Problem to work on: Collect all lines containing the word "United" from the data.

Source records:
—————
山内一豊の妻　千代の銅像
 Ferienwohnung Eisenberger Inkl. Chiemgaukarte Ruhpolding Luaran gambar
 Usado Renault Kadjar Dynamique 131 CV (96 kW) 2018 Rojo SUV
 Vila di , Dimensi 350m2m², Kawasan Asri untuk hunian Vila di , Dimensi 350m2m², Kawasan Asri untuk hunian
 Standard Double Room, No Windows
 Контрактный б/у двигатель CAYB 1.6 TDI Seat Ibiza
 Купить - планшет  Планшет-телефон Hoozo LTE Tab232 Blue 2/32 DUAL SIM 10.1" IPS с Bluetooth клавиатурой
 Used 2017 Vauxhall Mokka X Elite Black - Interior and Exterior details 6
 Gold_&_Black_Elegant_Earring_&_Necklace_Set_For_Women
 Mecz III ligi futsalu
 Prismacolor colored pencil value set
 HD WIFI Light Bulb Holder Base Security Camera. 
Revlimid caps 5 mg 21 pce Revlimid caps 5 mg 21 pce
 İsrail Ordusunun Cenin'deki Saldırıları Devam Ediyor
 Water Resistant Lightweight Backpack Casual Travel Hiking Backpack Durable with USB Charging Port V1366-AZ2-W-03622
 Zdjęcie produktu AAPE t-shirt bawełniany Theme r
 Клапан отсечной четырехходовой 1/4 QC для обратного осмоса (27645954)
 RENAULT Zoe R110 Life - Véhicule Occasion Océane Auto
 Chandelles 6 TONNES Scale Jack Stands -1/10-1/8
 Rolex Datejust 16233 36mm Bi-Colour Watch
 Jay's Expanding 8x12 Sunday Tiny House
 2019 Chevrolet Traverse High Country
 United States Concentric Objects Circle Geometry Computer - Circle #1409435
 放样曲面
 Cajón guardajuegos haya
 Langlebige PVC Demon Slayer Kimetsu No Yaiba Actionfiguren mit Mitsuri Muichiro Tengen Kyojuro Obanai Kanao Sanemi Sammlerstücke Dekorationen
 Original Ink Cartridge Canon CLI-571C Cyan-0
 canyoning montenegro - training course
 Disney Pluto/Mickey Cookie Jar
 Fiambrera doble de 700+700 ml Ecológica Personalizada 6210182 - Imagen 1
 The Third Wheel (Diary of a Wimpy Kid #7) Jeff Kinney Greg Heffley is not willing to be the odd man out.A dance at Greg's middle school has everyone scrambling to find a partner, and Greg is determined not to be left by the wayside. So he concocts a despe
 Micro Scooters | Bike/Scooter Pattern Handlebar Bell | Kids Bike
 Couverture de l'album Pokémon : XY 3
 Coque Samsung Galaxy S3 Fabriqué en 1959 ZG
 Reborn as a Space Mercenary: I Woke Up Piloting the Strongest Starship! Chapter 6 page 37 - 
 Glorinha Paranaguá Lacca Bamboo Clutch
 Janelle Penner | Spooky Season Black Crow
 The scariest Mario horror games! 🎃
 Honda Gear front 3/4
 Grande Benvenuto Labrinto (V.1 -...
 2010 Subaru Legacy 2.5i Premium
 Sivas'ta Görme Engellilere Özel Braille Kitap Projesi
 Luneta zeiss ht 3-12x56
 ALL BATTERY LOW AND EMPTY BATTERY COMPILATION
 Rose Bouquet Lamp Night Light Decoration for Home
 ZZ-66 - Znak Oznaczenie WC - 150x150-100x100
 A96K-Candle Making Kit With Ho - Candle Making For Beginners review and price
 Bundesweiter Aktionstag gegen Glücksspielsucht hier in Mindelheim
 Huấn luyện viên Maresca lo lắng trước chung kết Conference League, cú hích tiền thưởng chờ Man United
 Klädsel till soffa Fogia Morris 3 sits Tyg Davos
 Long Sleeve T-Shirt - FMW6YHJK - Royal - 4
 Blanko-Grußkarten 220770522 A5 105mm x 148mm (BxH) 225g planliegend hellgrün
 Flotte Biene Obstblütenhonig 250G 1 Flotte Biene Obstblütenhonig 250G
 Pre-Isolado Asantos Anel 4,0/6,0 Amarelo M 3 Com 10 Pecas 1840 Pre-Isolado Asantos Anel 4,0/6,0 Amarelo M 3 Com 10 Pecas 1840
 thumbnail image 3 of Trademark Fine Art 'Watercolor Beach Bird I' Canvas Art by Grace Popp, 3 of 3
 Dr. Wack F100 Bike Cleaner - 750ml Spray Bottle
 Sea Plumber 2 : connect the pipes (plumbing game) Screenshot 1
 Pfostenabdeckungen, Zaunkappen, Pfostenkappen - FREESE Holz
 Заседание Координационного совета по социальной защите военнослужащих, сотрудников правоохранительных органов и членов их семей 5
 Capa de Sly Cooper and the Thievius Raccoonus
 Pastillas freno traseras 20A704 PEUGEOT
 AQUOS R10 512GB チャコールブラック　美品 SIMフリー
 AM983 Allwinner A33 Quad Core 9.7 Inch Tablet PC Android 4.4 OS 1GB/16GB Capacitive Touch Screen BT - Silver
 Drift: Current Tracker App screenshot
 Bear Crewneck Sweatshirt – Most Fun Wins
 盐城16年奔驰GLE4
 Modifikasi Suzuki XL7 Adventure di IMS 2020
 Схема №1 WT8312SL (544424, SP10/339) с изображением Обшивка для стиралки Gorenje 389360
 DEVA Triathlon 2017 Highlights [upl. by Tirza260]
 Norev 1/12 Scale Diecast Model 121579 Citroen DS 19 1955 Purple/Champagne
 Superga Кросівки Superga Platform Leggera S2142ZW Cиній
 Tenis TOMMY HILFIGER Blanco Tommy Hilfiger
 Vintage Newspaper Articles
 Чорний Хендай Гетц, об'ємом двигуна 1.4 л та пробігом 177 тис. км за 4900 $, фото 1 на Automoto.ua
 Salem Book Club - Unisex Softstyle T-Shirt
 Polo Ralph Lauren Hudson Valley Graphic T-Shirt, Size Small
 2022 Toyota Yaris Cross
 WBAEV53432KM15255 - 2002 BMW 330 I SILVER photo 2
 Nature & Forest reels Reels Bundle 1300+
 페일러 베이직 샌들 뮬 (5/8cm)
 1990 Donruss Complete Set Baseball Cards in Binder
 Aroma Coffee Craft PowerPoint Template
—————
Task response:
 United States Concentric Objects Circle Geometry Computer - Circle #1409435
 Huấn luyện viên Maresca lo lắng trước chung kết Conference League, cú hích tiền thưởng chờ Man United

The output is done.